(Study material)

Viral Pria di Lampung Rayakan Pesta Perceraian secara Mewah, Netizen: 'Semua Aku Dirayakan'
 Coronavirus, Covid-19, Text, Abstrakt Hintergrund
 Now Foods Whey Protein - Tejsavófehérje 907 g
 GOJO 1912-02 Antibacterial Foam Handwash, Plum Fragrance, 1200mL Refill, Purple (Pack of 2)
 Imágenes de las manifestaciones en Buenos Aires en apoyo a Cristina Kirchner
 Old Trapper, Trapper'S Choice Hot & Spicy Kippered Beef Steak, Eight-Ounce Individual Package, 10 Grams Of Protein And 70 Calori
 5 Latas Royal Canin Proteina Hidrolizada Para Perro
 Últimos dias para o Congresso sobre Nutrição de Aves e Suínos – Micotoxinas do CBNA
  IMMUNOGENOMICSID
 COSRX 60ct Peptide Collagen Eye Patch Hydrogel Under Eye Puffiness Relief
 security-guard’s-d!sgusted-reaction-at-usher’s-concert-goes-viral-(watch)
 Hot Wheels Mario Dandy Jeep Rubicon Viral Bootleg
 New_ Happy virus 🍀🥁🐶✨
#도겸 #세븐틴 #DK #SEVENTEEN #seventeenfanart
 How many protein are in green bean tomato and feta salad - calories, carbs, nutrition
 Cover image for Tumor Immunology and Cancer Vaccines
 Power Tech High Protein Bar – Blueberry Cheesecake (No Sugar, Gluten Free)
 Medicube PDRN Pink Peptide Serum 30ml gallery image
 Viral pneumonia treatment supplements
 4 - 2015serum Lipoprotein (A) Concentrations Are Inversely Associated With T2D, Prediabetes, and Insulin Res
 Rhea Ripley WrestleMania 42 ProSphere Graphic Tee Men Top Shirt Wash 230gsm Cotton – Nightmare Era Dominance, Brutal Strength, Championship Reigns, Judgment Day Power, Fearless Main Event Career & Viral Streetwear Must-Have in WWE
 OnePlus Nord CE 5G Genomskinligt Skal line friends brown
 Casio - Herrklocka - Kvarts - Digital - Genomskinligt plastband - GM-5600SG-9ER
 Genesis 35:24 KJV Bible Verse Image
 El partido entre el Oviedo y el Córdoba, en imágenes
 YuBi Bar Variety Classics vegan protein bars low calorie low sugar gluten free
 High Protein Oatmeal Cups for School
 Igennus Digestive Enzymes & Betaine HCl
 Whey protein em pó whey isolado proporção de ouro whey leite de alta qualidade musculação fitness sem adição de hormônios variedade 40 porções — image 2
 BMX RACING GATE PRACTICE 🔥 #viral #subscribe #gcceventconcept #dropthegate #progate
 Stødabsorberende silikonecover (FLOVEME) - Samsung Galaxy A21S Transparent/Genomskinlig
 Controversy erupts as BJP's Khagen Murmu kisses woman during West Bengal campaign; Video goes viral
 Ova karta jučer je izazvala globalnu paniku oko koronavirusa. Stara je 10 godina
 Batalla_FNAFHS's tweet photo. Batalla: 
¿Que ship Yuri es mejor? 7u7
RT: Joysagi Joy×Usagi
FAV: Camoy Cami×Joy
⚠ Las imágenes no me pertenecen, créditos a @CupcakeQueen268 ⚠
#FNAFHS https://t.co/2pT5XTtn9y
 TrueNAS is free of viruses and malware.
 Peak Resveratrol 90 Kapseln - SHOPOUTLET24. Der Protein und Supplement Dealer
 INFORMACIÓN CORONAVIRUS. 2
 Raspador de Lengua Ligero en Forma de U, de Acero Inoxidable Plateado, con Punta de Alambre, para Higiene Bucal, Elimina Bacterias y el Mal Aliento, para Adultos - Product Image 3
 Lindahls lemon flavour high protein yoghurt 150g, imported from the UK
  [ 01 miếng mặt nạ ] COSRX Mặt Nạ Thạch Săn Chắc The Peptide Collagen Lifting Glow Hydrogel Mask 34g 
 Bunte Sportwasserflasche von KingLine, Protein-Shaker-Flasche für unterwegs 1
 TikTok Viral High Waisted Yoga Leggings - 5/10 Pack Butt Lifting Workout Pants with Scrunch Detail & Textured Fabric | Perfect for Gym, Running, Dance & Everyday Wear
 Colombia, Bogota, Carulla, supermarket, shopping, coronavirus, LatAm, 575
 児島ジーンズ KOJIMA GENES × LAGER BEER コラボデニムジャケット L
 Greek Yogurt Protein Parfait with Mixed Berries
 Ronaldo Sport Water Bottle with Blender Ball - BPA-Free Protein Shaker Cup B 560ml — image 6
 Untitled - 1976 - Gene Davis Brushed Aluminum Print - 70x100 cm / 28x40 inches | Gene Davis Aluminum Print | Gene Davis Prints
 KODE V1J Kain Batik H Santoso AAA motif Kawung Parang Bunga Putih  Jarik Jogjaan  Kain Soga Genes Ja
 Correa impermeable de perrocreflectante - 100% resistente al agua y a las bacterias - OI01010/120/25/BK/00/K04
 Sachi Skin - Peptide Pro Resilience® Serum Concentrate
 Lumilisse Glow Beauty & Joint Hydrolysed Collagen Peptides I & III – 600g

(End Study material)

**Exercise objective:** Word for word, reproduce the listing from its first line through the line that has "BMX RACING GATE" in it, and go no further.

**Task response:**
Viral Pria di Lampung Rayakan Pesta Perceraian secara Mewah, Netizen: 'Semua Aku Dirayakan'
 Coronavirus, Covid-19, Text, Abstrakt Hintergrund
 Now Foods Whey Protein - Tejsavófehérje 907 g
 GOJO 1912-02 Antibacterial Foam Handwash, Plum Fragrance, 1200mL Refill, Purple (Pack of 2)
 Imágenes de las manifestaciones en Buenos Aires en apoyo a Cristina Kirchner
 Old Trapper, Trapper'S Choice Hot & Spicy Kippered Beef Steak, Eight-Ounce Individual Package, 10 Grams Of Protein And 70 Calori
 5 Latas Royal Canin Proteina Hidrolizada Para Perro
 Últimos dias para o Congresso sobre Nutrição de Aves e Suínos – Micotoxinas do CBNA
  IMMUNOGENOMICSID
 COSRX 60ct Peptide Collagen Eye Patch Hydrogel Under Eye Puffiness Relief
 security-guard’s-d!sgusted-reaction-at-usher’s-concert-goes-viral-(watch)
 Hot Wheels Mario Dandy Jeep Rubicon Viral Bootleg
 New_ Happy virus 🍀🥁🐶✨
#도겸 #세븐틴 #DK #SEVENTEEN #seventeenfanart
 How many protein are in green bean tomato and feta salad - calories, carbs, nutrition
 Cover image for Tumor Immunology and Cancer Vaccines
 Power Tech High Protein Bar – Blueberry Cheesecake (No Sugar, Gluten Free)
 Medicube PDRN Pink Peptide Serum 30ml gallery image
 Viral pneumonia treatment supplements
 4 - 2015serum Lipoprotein (A) Concentrations Are Inversely Associated With T2D, Prediabetes, and Insulin Res
 Rhea Ripley WrestleMania 42 ProSphere Graphic Tee Men Top Shirt Wash 230gsm Cotton – Nightmare Era Dominance, Brutal Strength, Championship Reigns, Judgment Day Power, Fearless Main Event Career & Viral Streetwear Must-Have in WWE
 OnePlus Nord CE 5G Genomskinligt Skal line friends brown
 Casio - Herrklocka - Kvarts - Digital - Genomskinligt plastband - GM-5600SG-9ER
 Genesis 35:24 KJV Bible Verse Image
 El partido entre el Oviedo y el Córdoba, en imágenes
 YuBi Bar Variety Classics vegan protein bars low calorie low sugar gluten free
 High Protein Oatmeal Cups for School
 Igennus Digestive Enzymes & Betaine HCl
 Whey protein em pó whey isolado proporção de ouro whey leite de alta qualidade musculação fitness sem adição de hormônios variedade 40 porções — image 2
 BMX RACING GATE PRACTICE 🔥 #viral #subscribe #gcceventconcept #dropthegate #progate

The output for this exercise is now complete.